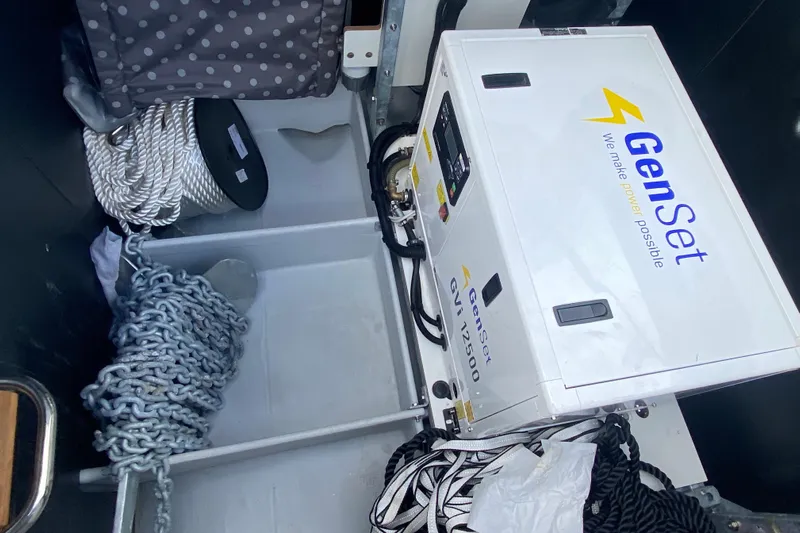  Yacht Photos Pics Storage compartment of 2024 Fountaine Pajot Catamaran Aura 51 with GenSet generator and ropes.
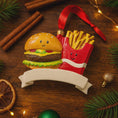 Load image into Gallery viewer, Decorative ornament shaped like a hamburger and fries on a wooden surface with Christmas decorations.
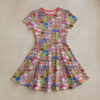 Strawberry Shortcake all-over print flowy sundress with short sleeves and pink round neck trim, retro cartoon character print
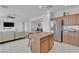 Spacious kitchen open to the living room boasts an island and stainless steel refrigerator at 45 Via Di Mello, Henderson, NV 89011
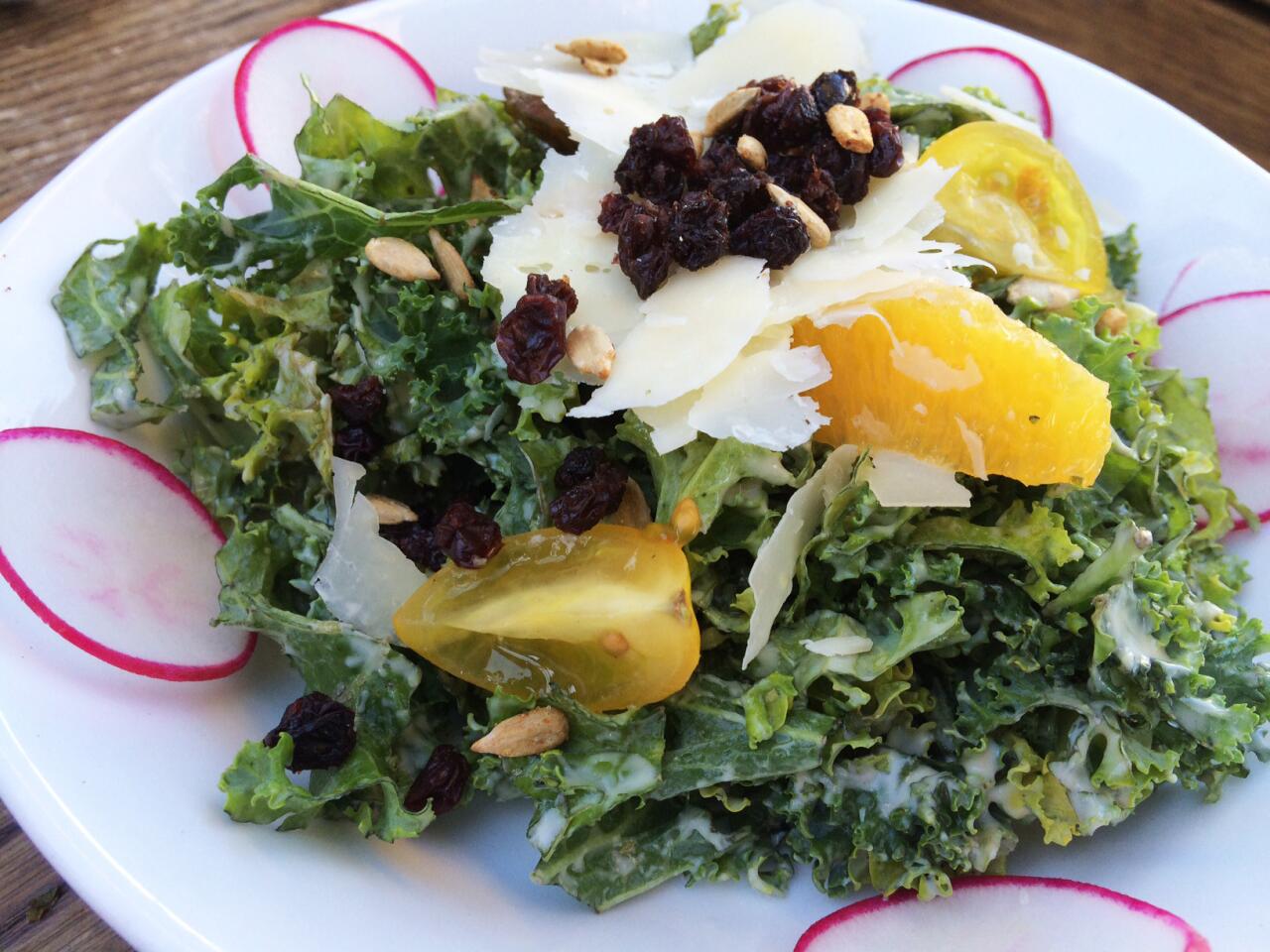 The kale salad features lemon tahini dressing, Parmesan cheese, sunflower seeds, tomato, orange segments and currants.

========================================

● Task requirements
With pictures left out, transcribe each line from the one containing "Spacious kitchen open" through the end of the data, both ends included.

● Result
 Spacious kitchen open to the living room boasts an island and stainless steel refrigerator at 45 Via Di Mello, Henderson, NV 89011
 The kale salad features lemon tahini dressing, Parmesan cheese, sunflower seeds, tomato, orange segments and currants.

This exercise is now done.